Alguns indícios que os levaram a estas conclusões foram o facto de que os caracóis marinhos já estavam mortos quando as conchas foram apanhadas, o que exclui a utilização culinária, e a remoção da ponta afiada evidencia que foram modificadas propositadamente para produzir som.

Para testar a hipótese, os investigadores realizaram experiências acústicas com as oito conchas ainda intactas. Em novembro de 2024, López García conseguiu extrair delas um “tom realmente poderoso e estável”.

“É incrível obter um som tão reconhecível a partir de um objeto tão simples, é apenas um corpo animal ligeiramente modificado. O instrumento mais próximo, em termos de timbre, é a trompa francesa”, afirmou.

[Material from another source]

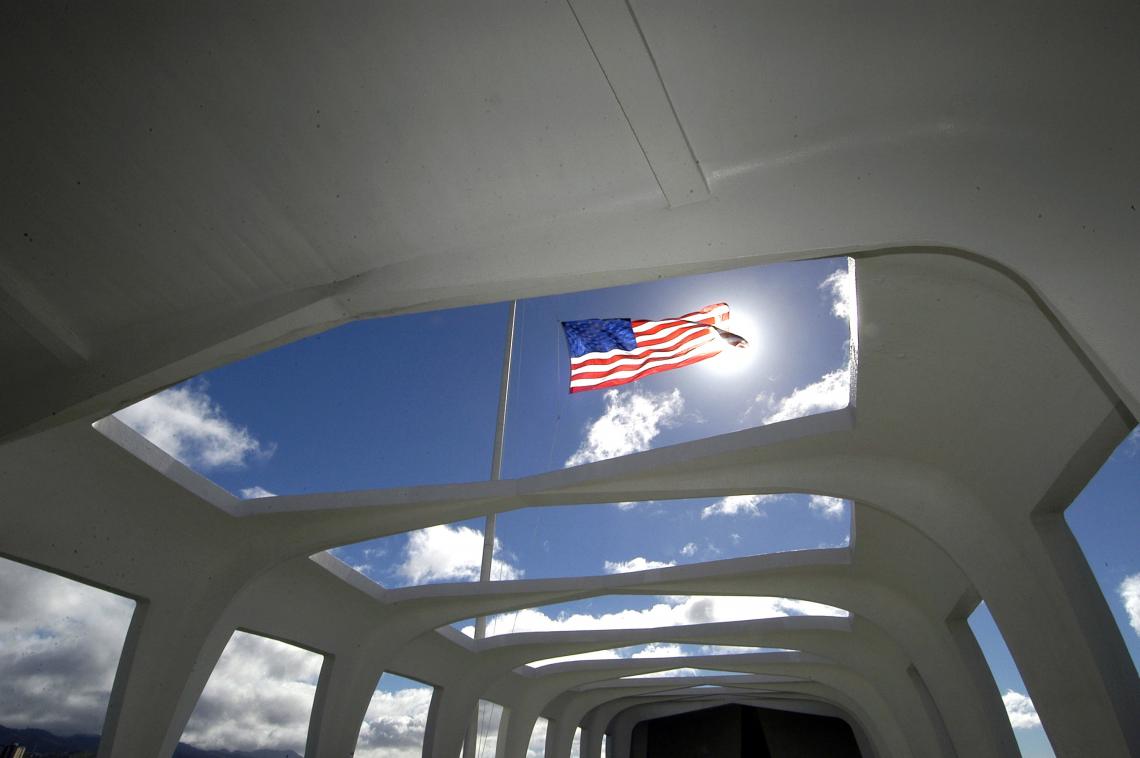 The USS Arizona Memorial at Pearl Harbor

A dupla procurou também avaliar o potencial musical das conchas para além das notas isoladas. “Queríamos perceber se havia espaço para improvisação e exploração sonora”, explicou o musicólogo. “Gravámos pequenos improvisos e descobrimos que, variando a técnica, podíamos alterar o tom e até as notas.”

Uma das tecnologias sonoras mais antigas

“Estes são provavelmente dos primeiros instrumentos conhecidos na história da humanidade”, acrescentou López García. “Funcionam com a vibração dos lábios, tal como os instrumentos de metal modernos e podem ser considerados seus antepassados diretos.”

O estudo, publicado na revista “Antiquity”, sugere ainda que os objetos teriam servido como ferramentas de comunicação entre povoados ou entre estes e trabalhadores que se encontravam na paisagem agrícola circundante.

Para López García, trata-se de uma tecnologia sonora extremamente antiga. A concha mais remota com construção semelhante foi encontrada na gruta de Marsoulas, no sul de França. “Isto significa que instrumentos quase idênticos foram usados desde há 18 mil anos até meados do século XX, quando a minha própria família ainda soprava a sua concha em Almería.”

As descobertas, acrescenta, motivam uma reflexão mais ampla sobre as raízes da musicalidade humana. “Estes trompetes de concha fazem-nos pensar sobre como e por que começámos a fazer música. Foi uma questão de sobrevivência, como defendem algumas teorias sobre a evolução musical? Ou terá sido por necessidades igualmente humanas: expressarmo-nos, criar laços, mostrar afeto dentro de um grupo?”